> _PROBLEM REQUIREMENTS_:
Write out the data exactly, please, and omit the pictures.

> _SUPPLIED INFORMATION_:

┌──

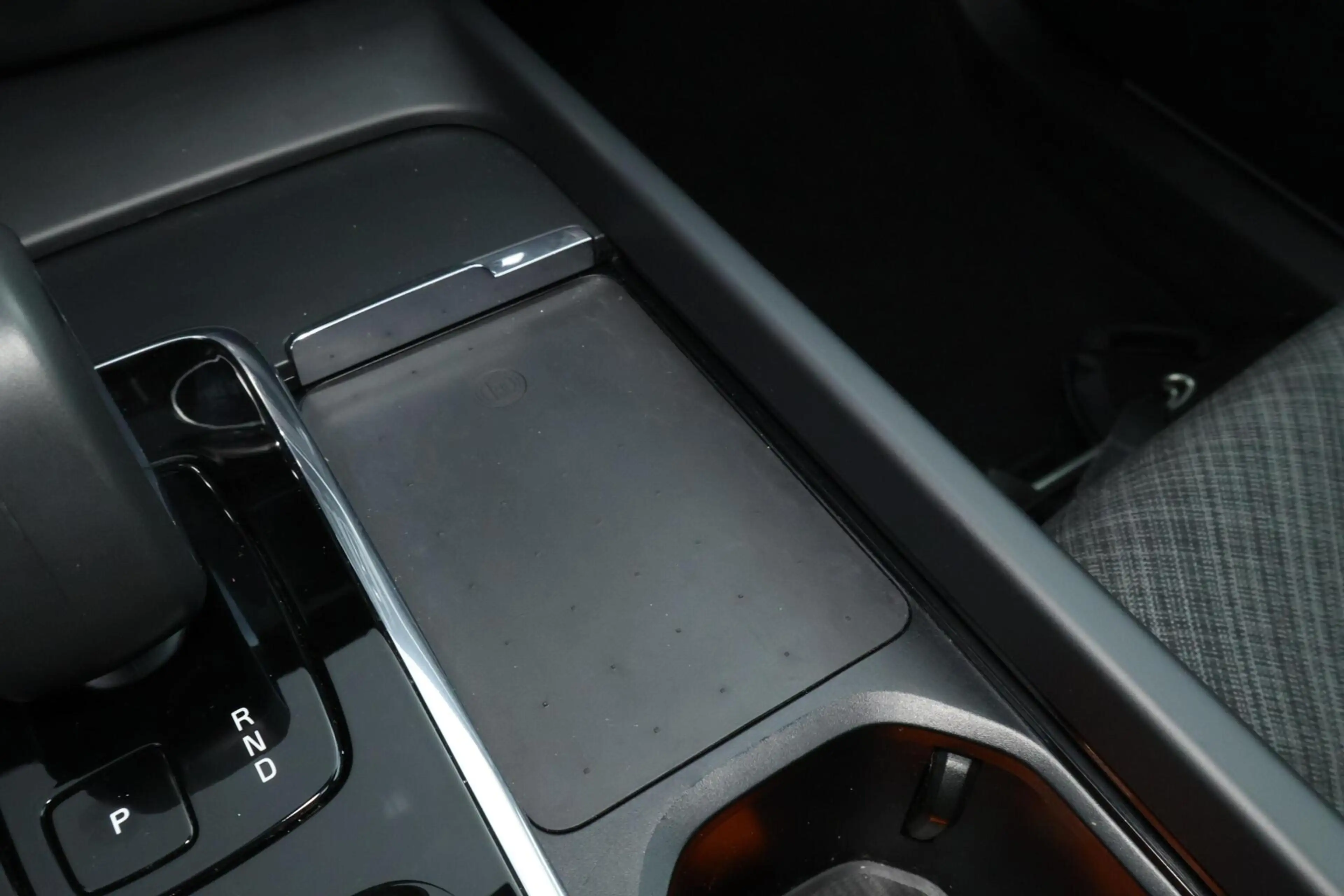 Volvo XC60 2.0 T6 Plug-in hybrid AWD Core Bright Long Range | — photo 37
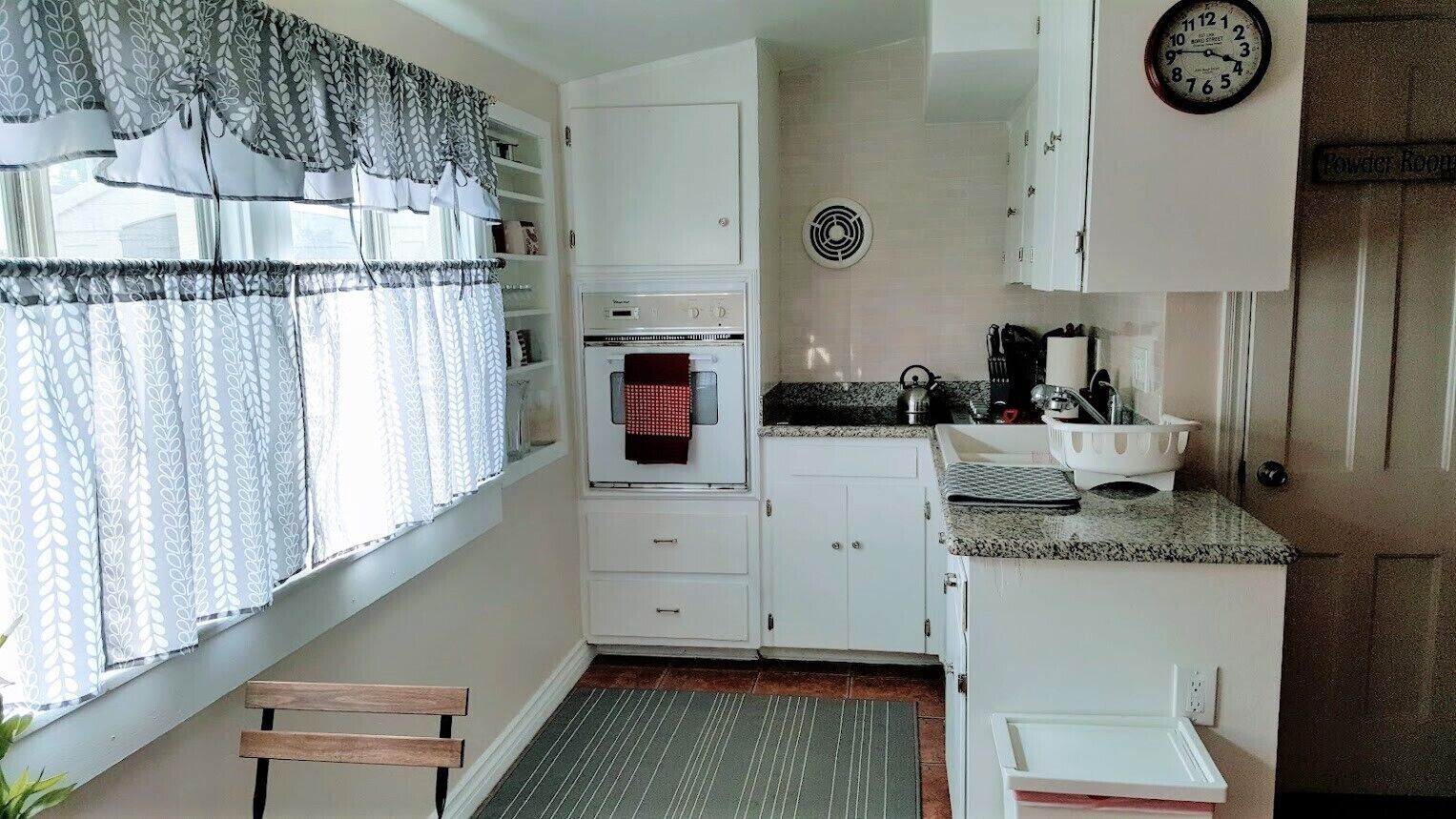 A HIDDEN GEM AT THE END OF THE GARDEN PATH!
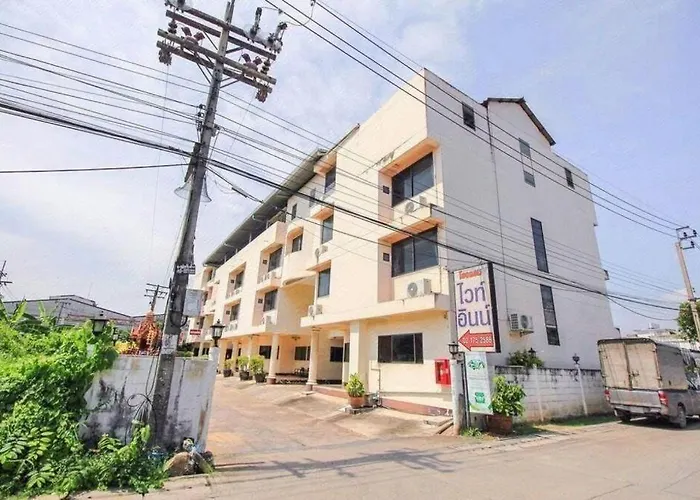Oyo 383 White Inn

└──

> _ANSWER SECTION_:
 Volvo XC60 2.0 T6 Plug-in hybrid AWD Core Bright Long Range | — photo 37
 A HIDDEN GEM AT THE END OF THE GARDEN PATH!
Oyo 383 White Inn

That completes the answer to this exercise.